The Anishinaabek were really the first Indigenous peoples that I learned about. It has been so long since I lived in Michigan (I left in 1983), that it is hard to remember too many details about what I learned at that time, rather than later.  I remember a children’s book written by Edward Benton-Banai, in which I learned the word for grandmother was Nokomis.  I remember that sovereignty was important, and treaties had historically been tools for taking land away from the people, but they also preserved certain rights to hunting and fishing.  Louise Erdrich is a brilliant Anishinaabe novelist from whom I learned much more of the people’s lives in the context of colonization.

The Anishinaabek lived in the area of the Great Lakes before any Europeans arrived.  I learned from Roger Paul, in my Wabanaki Languages class, that the Anishinaabek were related to the Wabanaki many generations ago, and lived on the east coast.  About a thousand years ago, they were led to move west, and they were guided to stop in the Great Lakes. The Anishinaabe languages are in the same language family as the Wabanaki, (and the Innu as well), called Algonquian by linguists. The word for “my grandmother” in Passamaquoddy is Nuhkomoss.  The Innu would say, Nukum.

The first Europeans who interacted with the Anishinaabek in the Great Lakes region were the French.  When Michigan later became a territory of the new United States, the majority of people living in Michigan were Native people.  You can find out many more details of the history of the people from that time forward on the website of the Ziibiwing Center of the Saginaw Chippewa Indian Tribe of Michigan.  Michigan still has twelve federally recognized tribes today.

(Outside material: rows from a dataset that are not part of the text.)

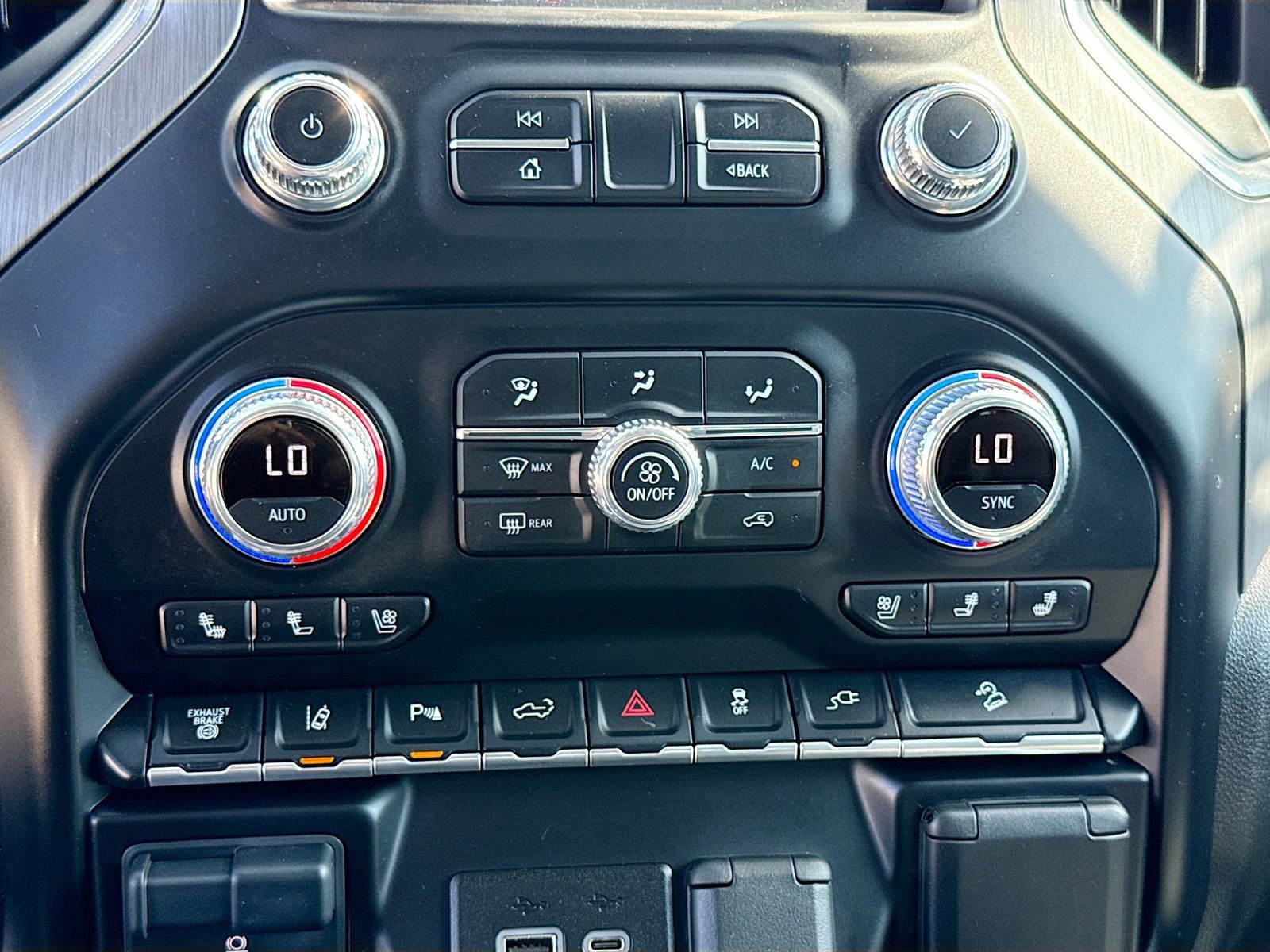 Used 2022 GMC Sierra 2500 Denali w/ Technology Package image 16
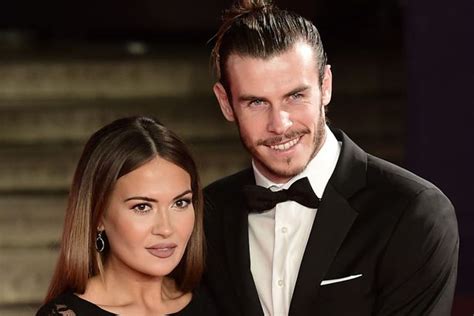 Footballer for tottenham hotspur and wales. Real Madrid superstar Gareth Bale announces engagement to girlfriend Emma Rhys-Jones - Mirror Online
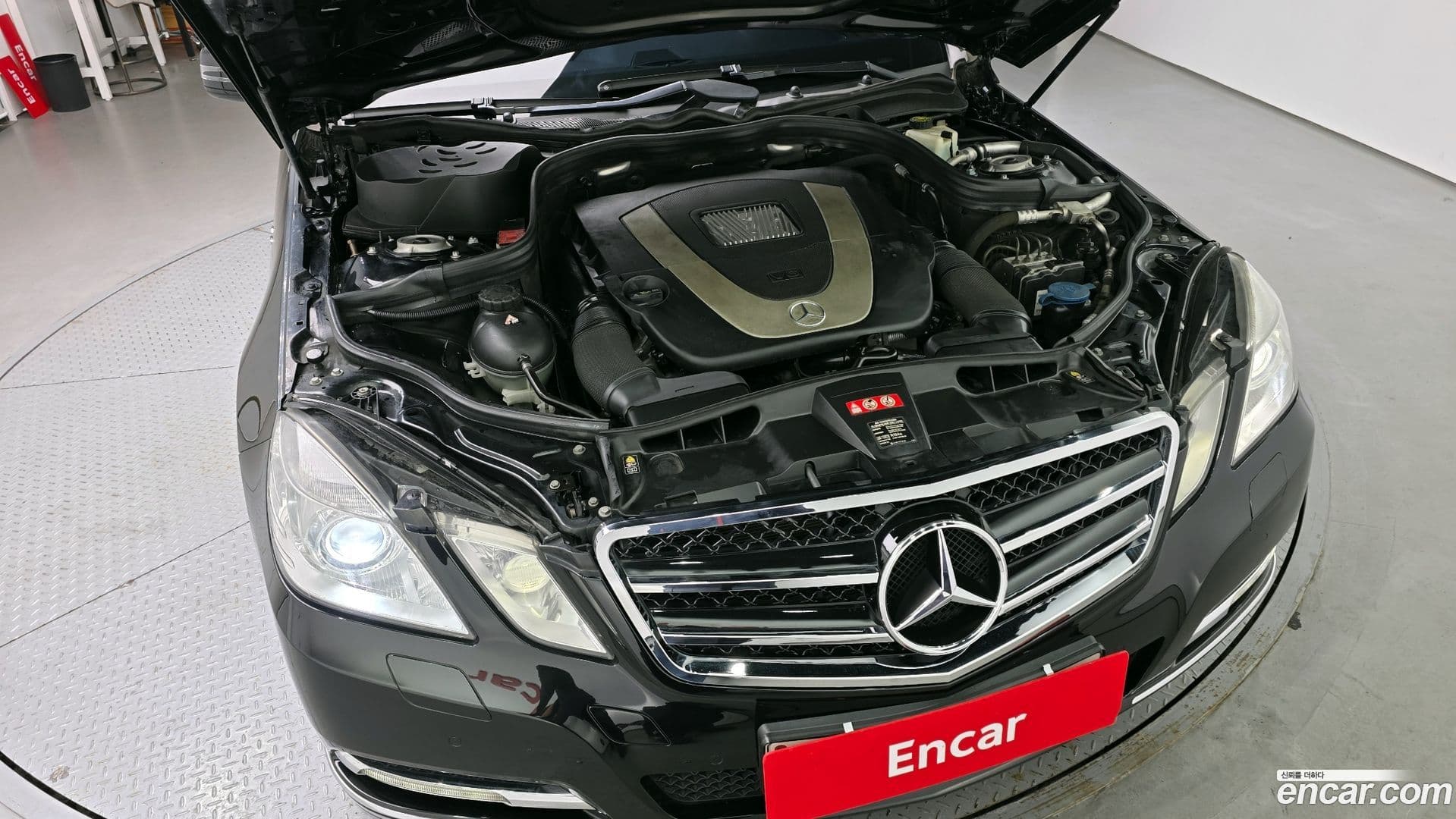 Main__Slider__Photo:E-Class Mercedes-Benz 2011.3-5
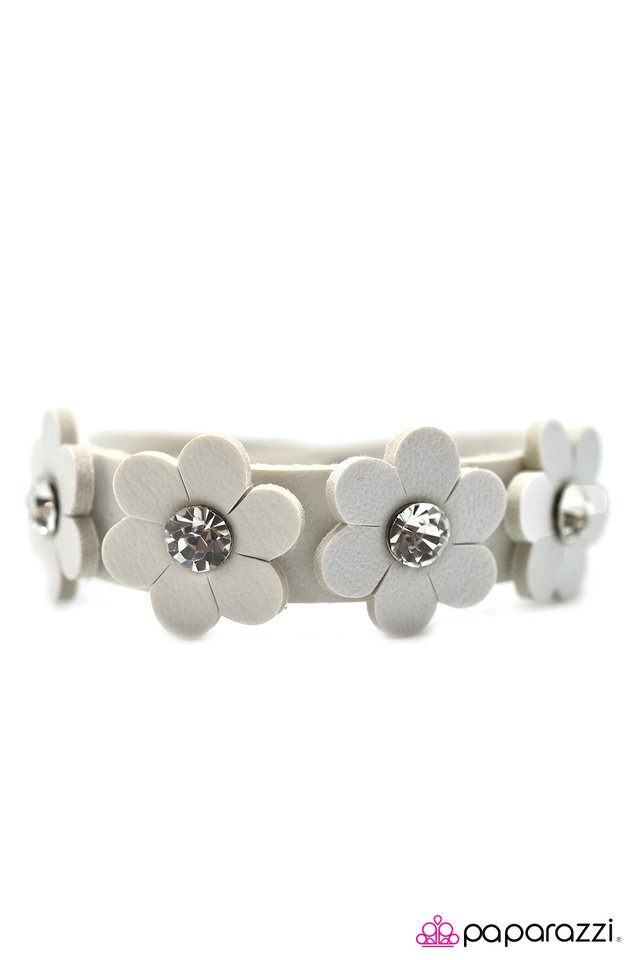 Paparazzi ♥ Poker Face - White ♥ Bracelet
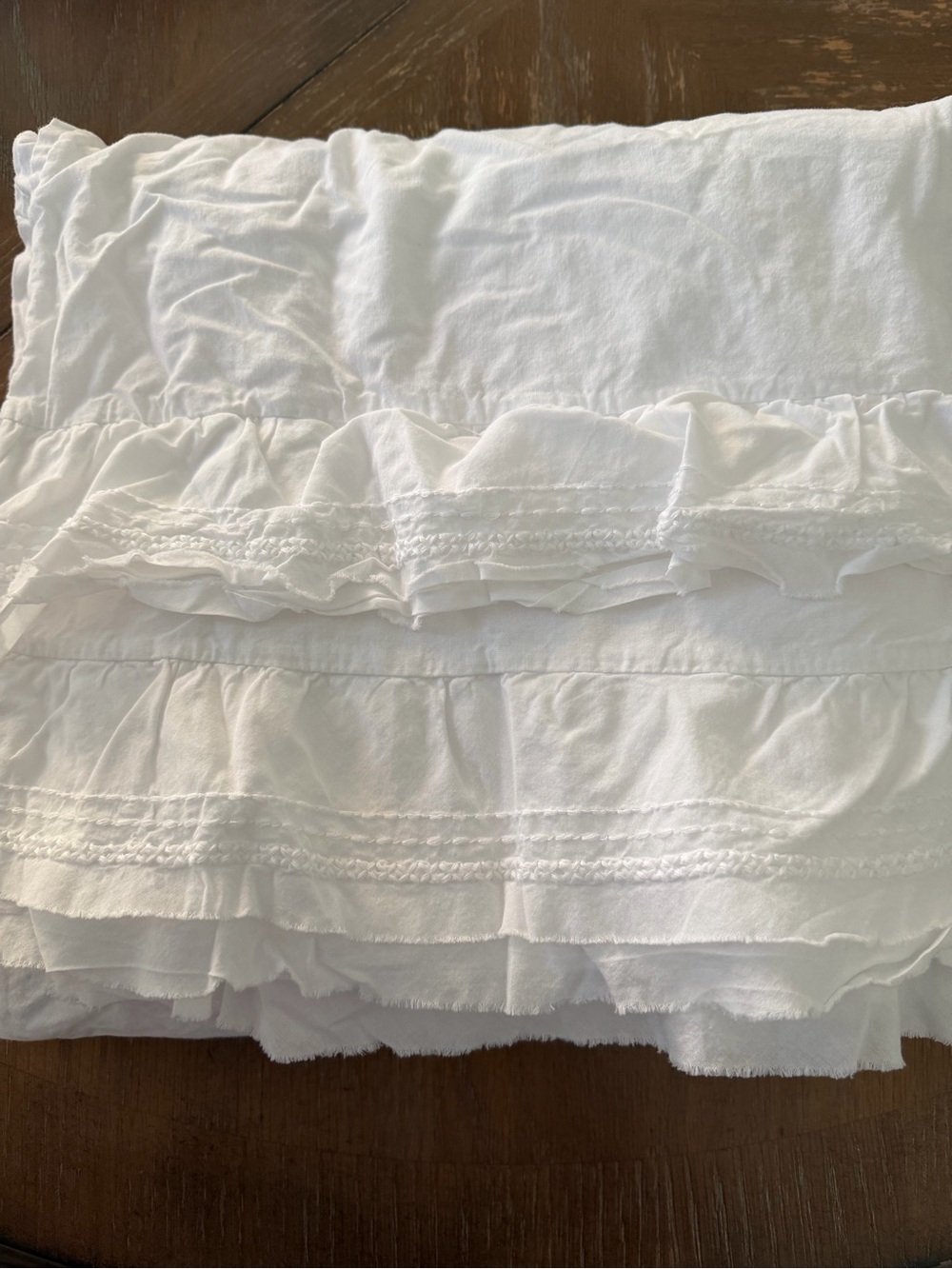 Pottery Barn Kids White Tiered Crib Skirt EUC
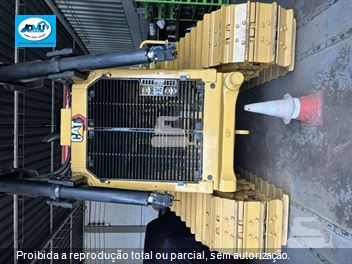 Trator de Esteira Caterpillar D8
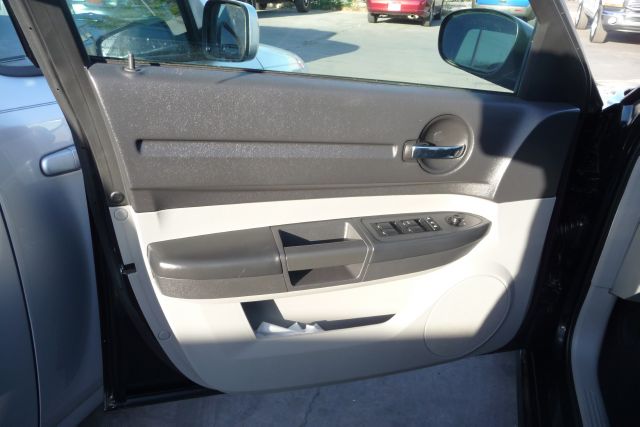 2008 Dodge Magnum Base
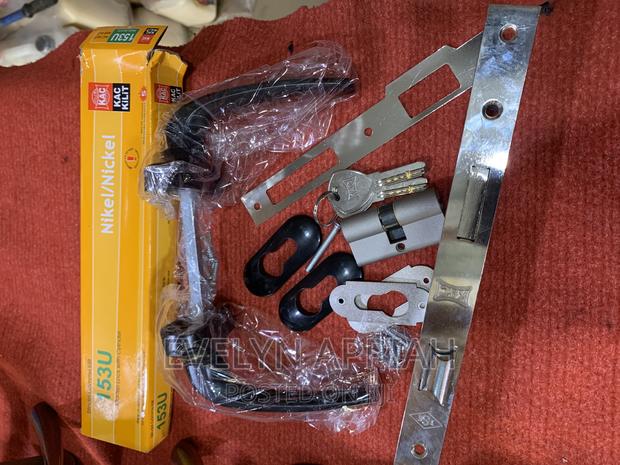 Complete Glass Door Lock · Photo 5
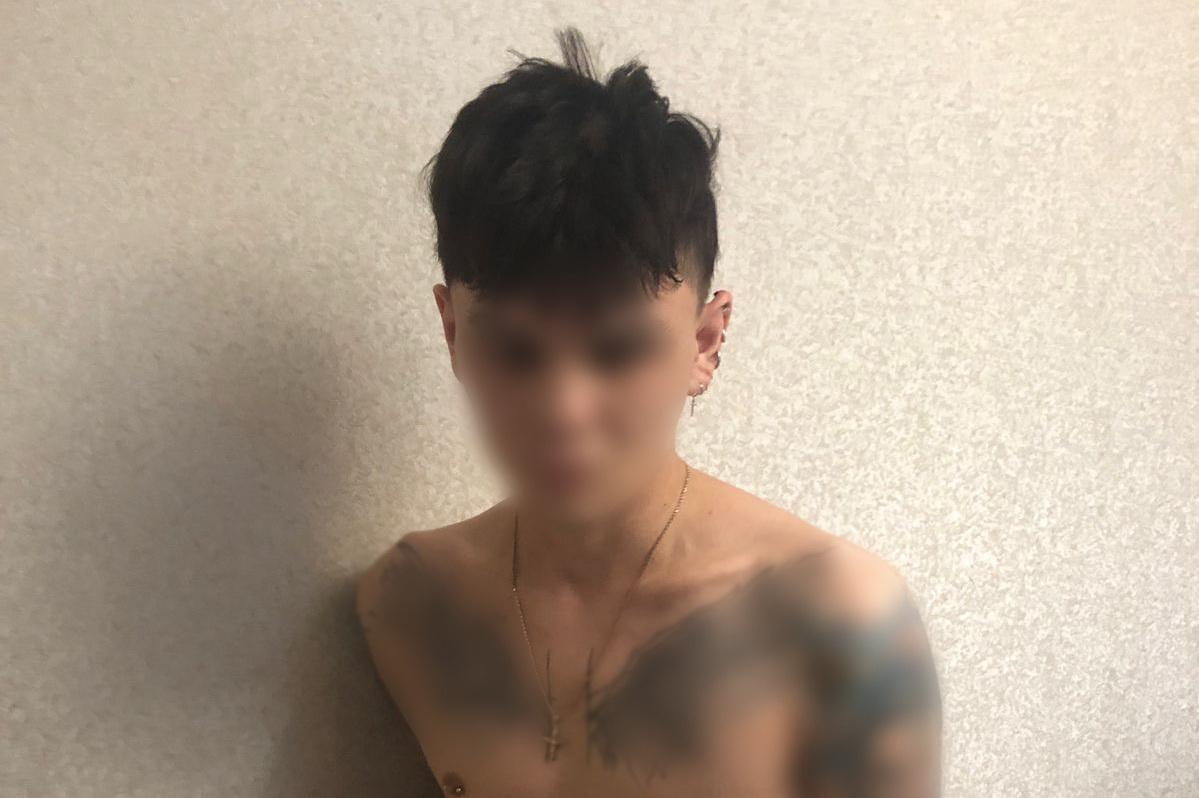 Полиция Екатеринбурга задержала мигранта, который зарабатывал на новую машину продажей наркотиков - Фото 1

I think the first step in the process of making right relationship between Indigenous and non-Indigenous peoples is to learn the history of our peoples’ interactions with each other, to understand the traumatic process of colonization that occurred on these lands. Only if we know the history can we begin to make sense of the present.  With the mixed blessing of the internet, it isn’t so hard to find out these things if we look.  Do you know what Indigenous people lived on the land which you now occupy?